Fiona Basile, Kairos Catholic Journal,
Monday 16 September 2013
Dr Claudia Mollidor, 28, is originally from Cologne, Germany, but she now calls Melbourne home. She is based at the Australian Catholic Bishops Conference Pastoral Research Office, where she works as a research assistant for the Australian Catholic University (ACU) in Fitzroy; she is working on the National Church Life Survey which takes place every five years. Having completed her doctoral studies in social psychology in London, she has been living in North Carlton since December 2010; All Saints in Fitzroy is her local parish, where she helped establish the Catechesis of the Good Shepherd program. Here, Claudia shares some of her story.
Why did you move to Australia?
I definitely think it was providence. I was living in London doing my PhD. I came to Melbourne for a conference in 2009 and I fell completely in love with it. I loved the city, the campus of Melbourne University, the lifestyle, the coffee. My friends took me to all the best places and some of them are still my favourite places.
I went back to London and, once my data collection was finished, nothing was keeping me there. There was another conference being held in Sydney, in December 2010, so I just thought ‘Maybe I’ll go to Australia’.
Tell me about your doctoral studies.
I was looking at representations of teenage motherhood through different perspectives; from the perspective of teenage mothers themselves, from the perspective of specialised practitioners in health and social services who work with the mothers, and from the perspective of policymakers. The British Government had introduced a teenage pregnancy strategy aiming to reduce teenage pregnancies and to support teenage parents. I felt that the supporting teenage parents part was not looked at enough, that there wasn’t enough support out there. What was being revealed was that, as the rate of teenage pregnancy fell, the rate of abortion rose, and that’s an awful outcome. It would be better if there was better support for mothers to have their babies, so that’s what I concentrated on.
Who inspires you?
The teenage mums I worked with really inspired me. The hardship some of them were living in, the struggles they were facing, the decisions they made to keep the child, despite people around them telling them not to and being thrown out of their family homes because of their decisions. It’s really how they deal with things, or women in crisis pregnancies more generally, that I find really inspiring; it really puts things into perspective a lot, the sacrifices they make to bring up their children in the best way they can.

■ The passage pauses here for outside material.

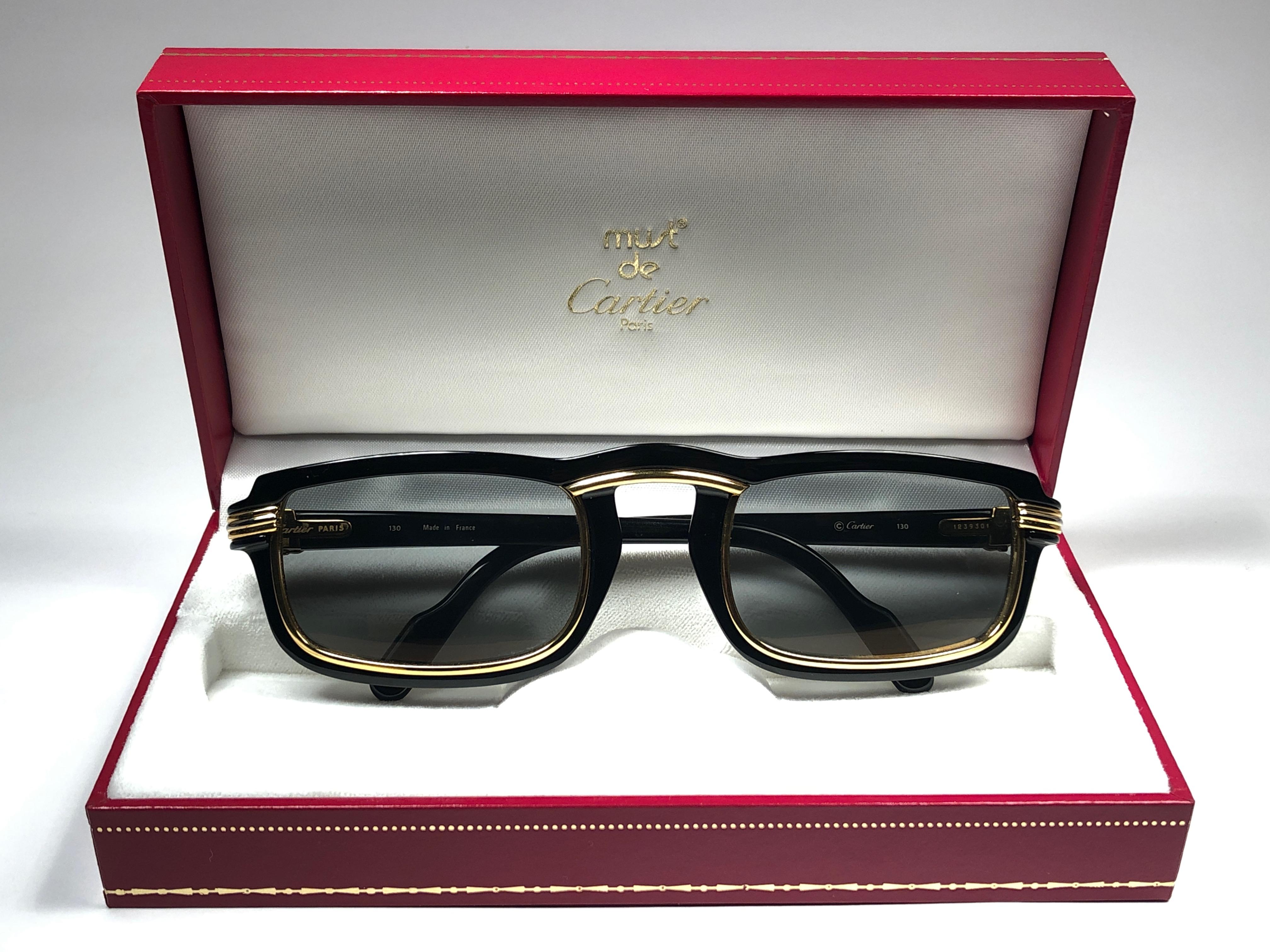  1991 Original Cartier Vertigo Art Deco Sonnenbrille mit erstaunlichen Grau Licht gespiegelt  (Uv-Schutz) Linsen.
Frame hat die berühmte Real Gold und Weißgold Akzente in der Mitte und an den Seiten.
Alle Markenzeichen. Cartier Goldzeichen auf den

How did you come to be on the board of directors at the Caroline Chisholm Society in Melbourne?
I had just spent a weekend at Tarrawarra and afterwards, everything happened! I had the interview for my current role at ACU, and in the same week I was accepted to be on the board of directors; that was November last year. I had heard about the Society and I knew some of the directors, who realised I had a skill set that wasn’t present on the board at that point, so they put me forward. It’s nice to be involved in the field, and to be able to use the knowledge I have in that way.
What is your favourite prayer or piece of Scripture?
I particularly love these three lines in the Year of Faith Prayer: ‘That our Church will be transformed, our relationships be healed, and our nation grow in compassion and justice.’ I think those words are so powerful.
Who is your favourite saint?
St Joseph. When you pray to St Joseph, it just happens. I’m so excited that he is now mentioned in the Eucharistic Prayer.